▸ What to work on: Begin at the line below that has "芦屋市宮塚町のアパートのキッチン|キッチンでお料理をお楽しみください" and stop after the line that has "521 Magnolia Rd, Pemberton, NJ 08068". Please restate only those lines, word for word.
== Segment start ==
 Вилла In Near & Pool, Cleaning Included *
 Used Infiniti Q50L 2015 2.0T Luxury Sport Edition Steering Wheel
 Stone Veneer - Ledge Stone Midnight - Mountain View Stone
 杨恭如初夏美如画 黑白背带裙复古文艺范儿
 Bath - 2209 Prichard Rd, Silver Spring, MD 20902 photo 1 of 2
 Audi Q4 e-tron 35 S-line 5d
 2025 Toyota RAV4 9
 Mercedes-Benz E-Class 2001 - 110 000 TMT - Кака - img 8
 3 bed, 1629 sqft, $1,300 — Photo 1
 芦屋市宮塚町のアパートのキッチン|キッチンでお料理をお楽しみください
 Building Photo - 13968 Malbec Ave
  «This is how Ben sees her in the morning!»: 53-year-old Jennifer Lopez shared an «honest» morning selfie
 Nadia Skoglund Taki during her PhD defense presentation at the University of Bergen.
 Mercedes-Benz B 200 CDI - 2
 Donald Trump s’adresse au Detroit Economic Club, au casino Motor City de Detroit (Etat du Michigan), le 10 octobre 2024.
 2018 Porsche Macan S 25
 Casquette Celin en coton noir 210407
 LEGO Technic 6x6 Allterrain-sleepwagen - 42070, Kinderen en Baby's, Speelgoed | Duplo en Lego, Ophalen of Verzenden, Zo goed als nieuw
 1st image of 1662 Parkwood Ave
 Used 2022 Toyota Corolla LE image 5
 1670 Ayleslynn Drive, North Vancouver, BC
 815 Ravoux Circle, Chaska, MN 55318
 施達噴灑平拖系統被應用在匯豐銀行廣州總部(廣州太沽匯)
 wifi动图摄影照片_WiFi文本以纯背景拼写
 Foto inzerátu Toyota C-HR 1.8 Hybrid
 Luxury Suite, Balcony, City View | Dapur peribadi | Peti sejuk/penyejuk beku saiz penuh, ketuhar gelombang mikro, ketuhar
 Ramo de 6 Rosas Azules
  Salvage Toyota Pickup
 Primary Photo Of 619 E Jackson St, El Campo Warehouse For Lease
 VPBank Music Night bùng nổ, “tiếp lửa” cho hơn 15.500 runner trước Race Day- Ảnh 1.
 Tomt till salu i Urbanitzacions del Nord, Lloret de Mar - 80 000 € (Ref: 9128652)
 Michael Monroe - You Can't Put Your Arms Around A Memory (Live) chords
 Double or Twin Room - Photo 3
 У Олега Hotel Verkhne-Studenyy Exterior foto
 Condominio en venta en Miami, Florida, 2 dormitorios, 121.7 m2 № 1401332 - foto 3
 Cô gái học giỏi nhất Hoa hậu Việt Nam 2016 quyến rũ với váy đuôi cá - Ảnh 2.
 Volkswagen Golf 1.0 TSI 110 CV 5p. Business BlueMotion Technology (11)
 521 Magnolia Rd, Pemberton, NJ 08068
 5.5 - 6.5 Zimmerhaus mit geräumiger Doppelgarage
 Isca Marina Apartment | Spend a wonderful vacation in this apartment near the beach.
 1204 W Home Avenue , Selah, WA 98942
== Segment end ==
▸ Task solution:
 芦屋市宮塚町のアパートのキッチン|キッチンでお料理をお楽しみください
 Building Photo - 13968 Malbec Ave
  «This is how Ben sees her in the morning!»: 53-year-old Jennifer Lopez shared an «honest» morning selfie
 Nadia Skoglund Taki during her PhD defense presentation at the University of Bergen.
 Mercedes-Benz B 200 CDI - 2
 Donald Trump s’adresse au Detroit Economic Club, au casino Motor City de Detroit (Etat du Michigan), le 10 octobre 2024.
 2018 Porsche Macan S 25
 Casquette Celin en coton noir 210407
 LEGO Technic 6x6 Allterrain-sleepwagen - 42070, Kinderen en Baby's, Speelgoed | Duplo en Lego, Ophalen of Verzenden, Zo goed als nieuw
 1st image of 1662 Parkwood Ave
 Used 2022 Toyota Corolla LE image 5
 1670 Ayleslynn Drive, North Vancouver, BC
 815 Ravoux Circle, Chaska, MN 55318
 施達噴灑平拖系統被應用在匯豐銀行廣州總部(廣州太沽匯)
 wifi动图摄影照片_WiFi文本以纯背景拼写
 Foto inzerátu Toyota C-HR 1.8 Hybrid
 Luxury Suite, Balcony, City View | Dapur peribadi | Peti sejuk/penyejuk beku saiz penuh, ketuhar gelombang mikro, ketuhar
 Ramo de 6 Rosas Azules
  Salvage Toyota Pickup
 Primary Photo Of 619 E Jackson St, El Campo Warehouse For Lease
 VPBank Music Night bùng nổ, “tiếp lửa” cho hơn 15.500 runner trước Race Day- Ảnh 1.
 Tomt till salu i Urbanitzacions del Nord, Lloret de Mar - 80 000 € (Ref: 9128652)
 Michael Monroe - You Can't Put Your Arms Around A Memory (Live) chords
 Double or Twin Room - Photo 3
 У Олега Hotel Verkhne-Studenyy Exterior foto
 Condominio en venta en Miami, Florida, 2 dormitorios, 121.7 m2 № 1401332 - foto 3
 Cô gái học giỏi nhất Hoa hậu Việt Nam 2016 quyến rũ với váy đuôi cá - Ảnh 2.
 Volkswagen Golf 1.0 TSI 110 CV 5p. Business BlueMotion Technology (11)
 521 Magnolia Rd, Pemberton, NJ 08068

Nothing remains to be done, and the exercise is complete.